はじめに
子ども3人ではどれくらい教育費がかかるのか
ご相談者は適切な住宅購入価格をお知りになりたいとのことですが、その前にまず、お子さん3人の教育費を試算します。
前提1)中学までは公立で高校は私立の学校に進学する
前提2)「幼児教育・保育の無償化」は実施済
前提3)大学は私立に進学し、自宅通学とする
「平成30年度子供の学習費調査」(文部科学省)によると、公立小学校の学習費総額の平均は年間約32万円、公立中学校が年間約49万円、私立高校では年間約97万円という結果になっています。一方同調査の人口規模別の統計で「指定都市・特別区」は、他の地域よりも学習費総額の平均が高い結果となっています。ご相談者は東京都にお住まいなので「特別区」の数値、すなわち公立小学校は38万円、公立中学校が53万円として試算します。
大学でかかる費用に関しては、「平成30年度学生生活調査報告」(独立行政法人日本学生支援機構)では、私立大学で自宅通学生の学生生活費は年間約181万円です。令和元年度「教育費負担の実態調査結果」(日本政策金融公庫)によると、入学年度は受験料や入学金等の納付金(入学しなかった大学を含む)が、私立大学文系学部では別途約87万円かかります。
グラフで見る教育費の推移〜教育費が一番かかるのはいつ?
これらの統計データをグラフにすると以下の通りです。
一般的には子供の学年差が小さいほど短期間に一気に教育費が高額になり、学年差が大きいと長くなだらかに教育費がかかります。
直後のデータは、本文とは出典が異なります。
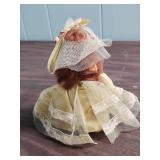 Nancy Ann Style Show Dolls in Cream Lace Gowns c1950s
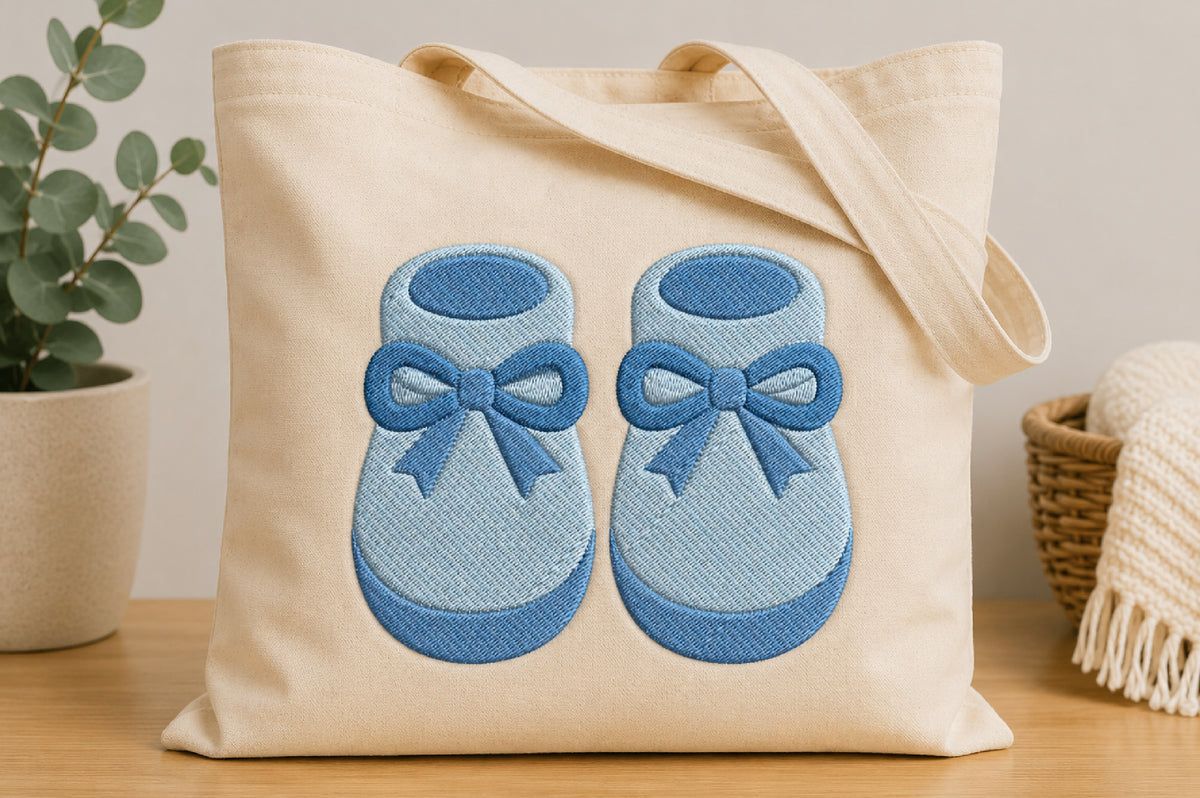 Baby Booties Embroidery Design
ご相談者のケースでは、1人目のお子さんと2人目のお子さんの学年差が3学年、2人目のお子さんと3人目のお子さんの学年差が4学年です。1人目のお子さんの大学入学と2人目のお子さんの高校入学が重なり、その年から1人目のお子さんが大学を卒業するまでの4年間が最も教育費がかかることがわかります。
大学院に進学したり、理系学部を志望したり、浪人したりする可能性もあり、これ以上に教育費がかかることも想定しておく必要があります。1人目のお子さんにはそろそろ習い事や塾費用がかかってくる時期ですね。初めてのお子さんには色々な習い事をさせてみたくなりますが、常に「2人目、3人目の子どもにも同じことをできるか」と考えるようにしましょう。
今後の教育費の考え方は、少なくとも3人のお子さんそれぞれの高校卒業までは、月々の収入からねん出したいものです。現在、お子さんのために月々9,000円ずつの学資積立をされていますので、ぜひ3人目のお子さんも含めて、継続してください。児童手当を充てることで可能と思います。18年間積み立てれば194万円。そのまま大学の初年度納付金に充当しましょう。大学在学中にかかる費用の半分は月々の収入からねん出し、半分はそれまでに貯蓄すると考えましょう。